В эту ночь проклявшей навеки человека матери-волчице снился бесконечный сон: зима, родной лес, одинокий лыжник, запах его жестокости, ее прыжок, совместное падение, голое горло с ненавистным запахом, его последний всхлип. Последний.
Она скрипела во сне зубами так, что сыновья опасливо отодвигались от матери и щетинили холки сквозь сон.
Дочь, впервые за все время пребывания в человеческом жилище, тяжко спала. Ей хотелось спать вечно, вольным могильным сном. Она чувствовала отвращение ко всему вокруг и особенно к человеку, к его неживому нечистому запаху, к его вероломным рукам. Потом сквозь тошнотворное отвращение пришло другое, то, что передалось издалека, из глухой чащобы. Она стала видеть мать, братьев, снег, почувствовала силу их неслышного бега рядом, бок о бок. Она во сне убежала далеко и навсегда.

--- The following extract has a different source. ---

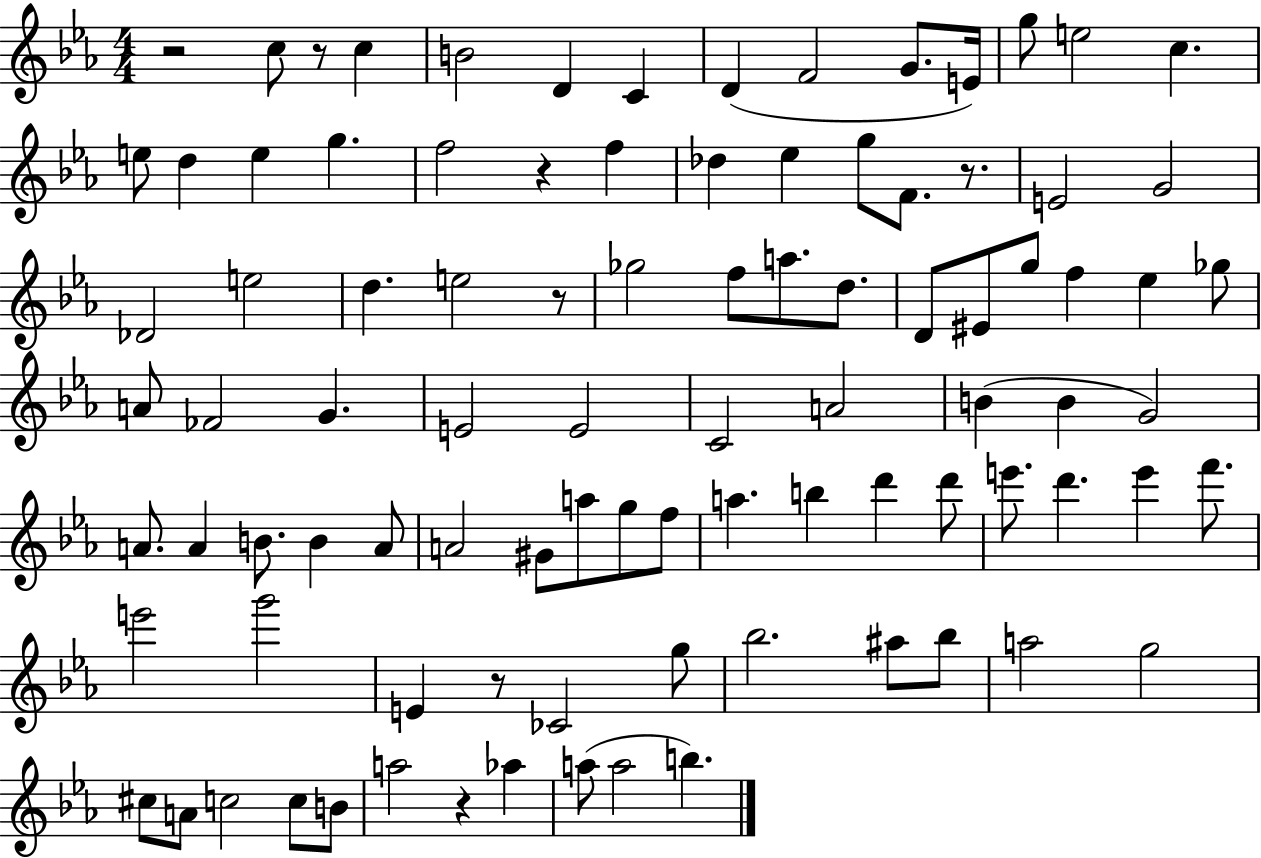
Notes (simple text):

R/h C5/e R/e C5/q B4/h D4/q C4/q D4/q F4/h G4/e. E4/s G5/e E5/h C5/q. E5/e D5/q E5/q G5/q. F5/h R/q F5/q Db5/q Eb5/q G5/e F4/e. R/e. E4/h G4/h Db4/h E5/h D5/q. E5/h R/e Gb5/h F5/e A5/e. D5/e. D4/e EIS4/e G5/e F5/q Eb5/q Gb5/e A4/e FES4/h G4/q. E4/h E4/h C4/h A4/h B4/q B4/q G4/h A4/e. A4/q B4/e. B4/q A4/e A4/h G#4/e A5/e G5/e F5/e A5/q. B5/q D6/q D6/e E6/e. D6/q. E6/q F6/e. E6/h G6/h E4/q R/e CES4/h G5/e Bb5/h. A#5/e Bb5/e A5/h G5/h C#5/e A4/e C5/h C5/e B4/e A5/h R/q Ab5/q A5/e A5/h B5/q.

Она снова стала жить и копить силы. Мать, подползавшая ежедневно к забору, знала о намерениях человека превратить ее дочь в собаку, заставить слушаться и выносить в себе собачьих детенышей. Мать примеряла к своей дочери собачий облик. Та, отойдя от смертных побоев, снова имела ухоженный и одомашненный вид, ее густая шерсть лоснилась и пушилась. Но на собаку – нет! Не была она похожа на собаку. Уйдет.
Мать старалась быть поблизости, чтобы подстраховать бегство дочери, которое могло произойти в любую минуту. Теперь они пробирались к забору втроем, вместе с сыновьями.